■ PROBLEM REQUIREMENTS: Retype, without pictures, the line holding "249 Encore Way, Corona, California 92879" and each line below it through the final line.

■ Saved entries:
+++++
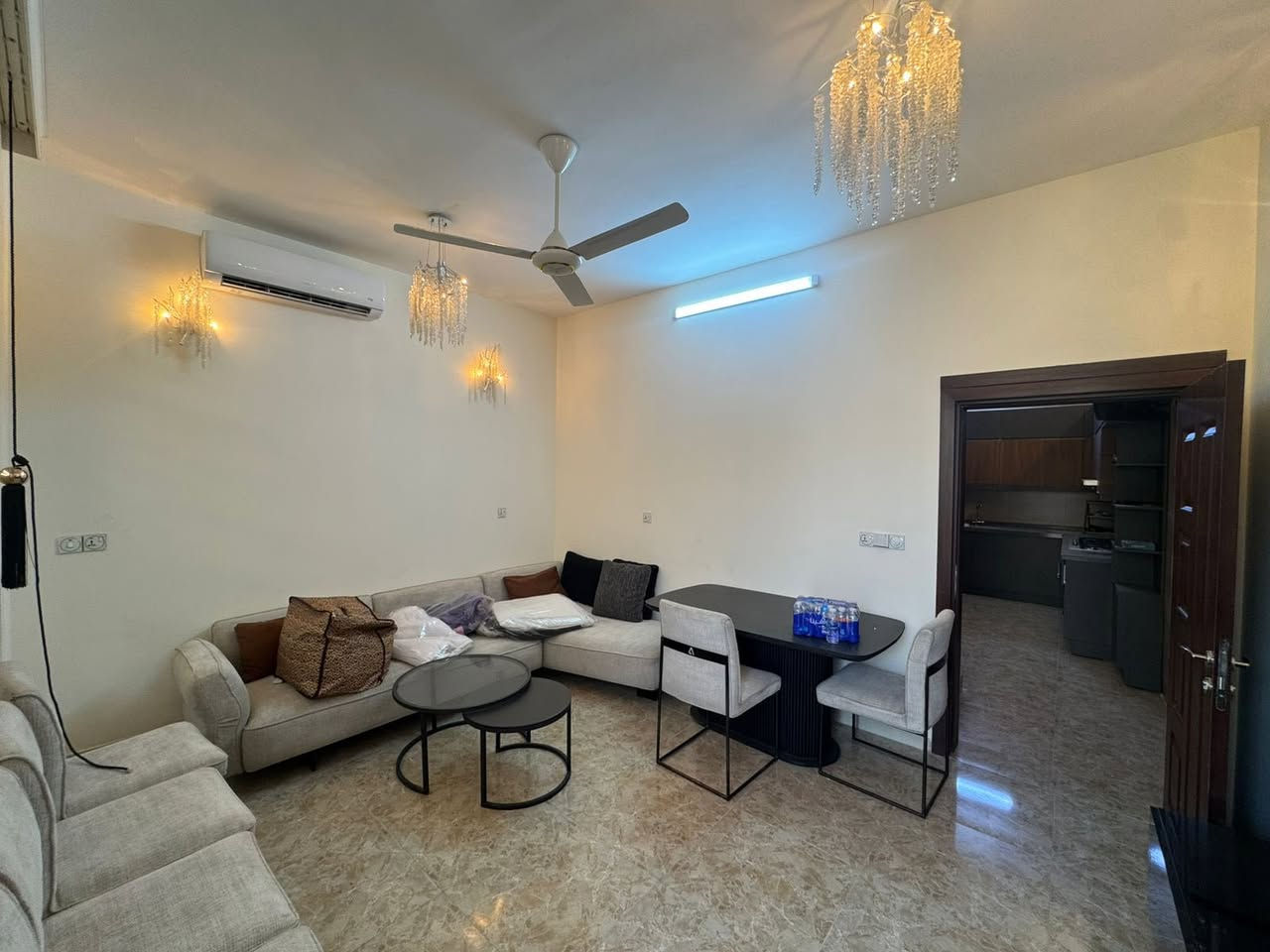 للبيع بيت مساحة ٥٠متر موثث كامل يحتوي على صالة ومطبخ وخدمات عدد ٢وغرف نوم عدد ٣ طابقين ونص موقعة حي الجهاد خلف شارع ٦٠مباشر 
للاستفسار الاتصال 
***********
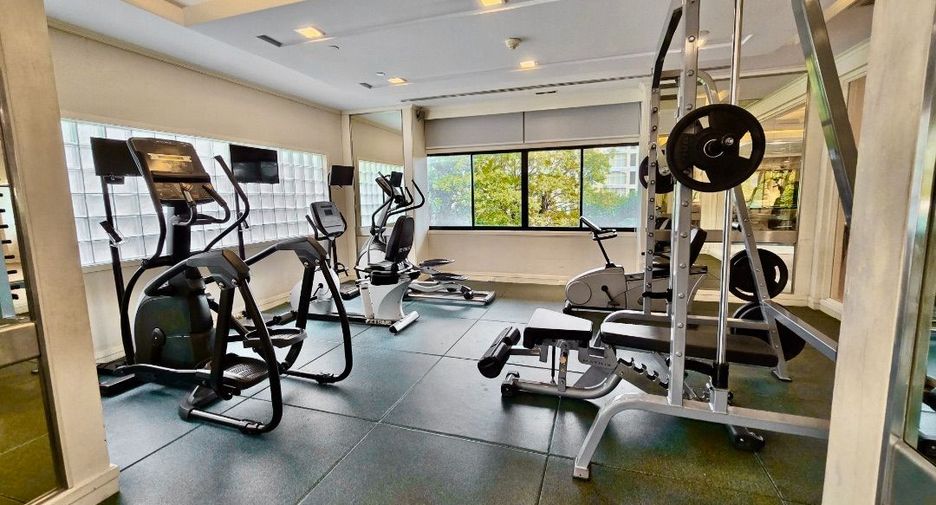 For rent 4 bedrooms condo in Watthana, Bangkok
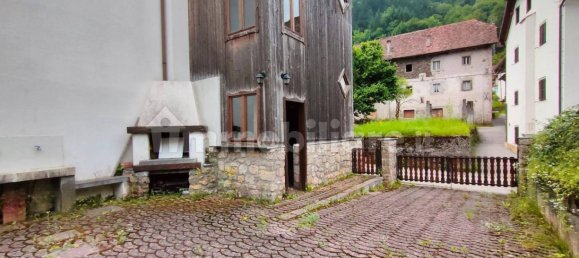 Apartamento de 2 dormitorios en Udine, Italy No. 310155 11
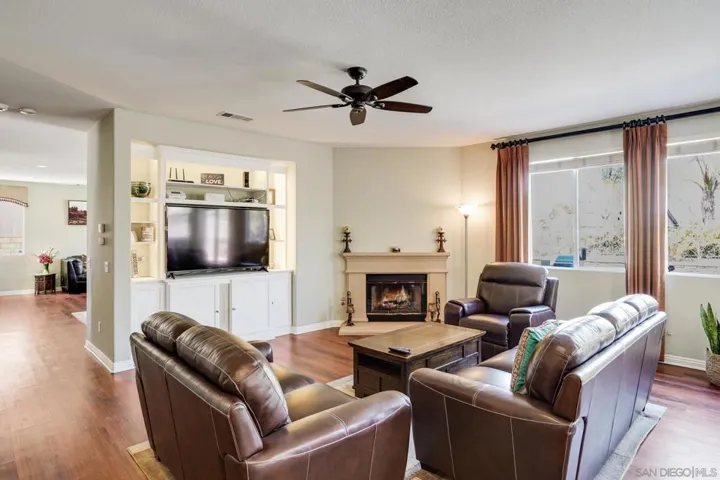 249 Encore Way, Corona, California 92879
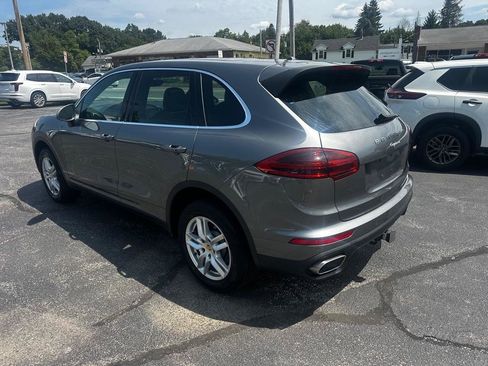 Used 2017 Porsche Cayenne AWD/4WD image 3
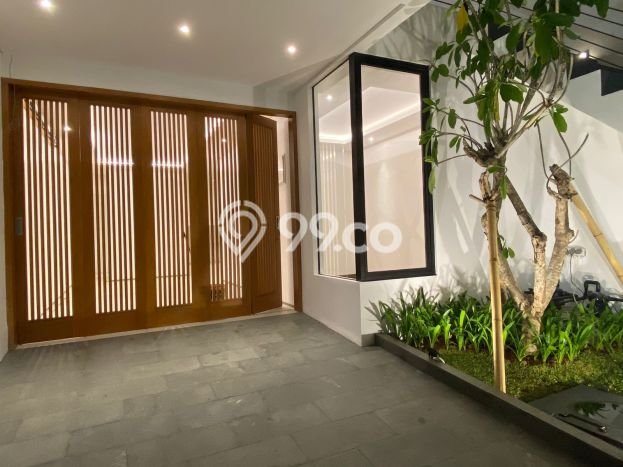 Rumah Mewah LB 260m2 Siap Huni Desain Elegan di Sunter, Jakarta Utara Rumah Mewah LB 260m2 Siap Huni Desain Elegan di Sunter, Jakarta Utara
+++++
■ SOLVED PROBLEM:
 249 Encore Way, Corona, California 92879
 Used 2017 Porsche Cayenne AWD/4WD image 3
 Rumah Mewah LB 260m2 Siap Huni Desain Elegan di Sunter, Jakarta Utara Rumah Mewah LB 260m2 Siap Huni Desain Elegan di Sunter, Jakarta Utara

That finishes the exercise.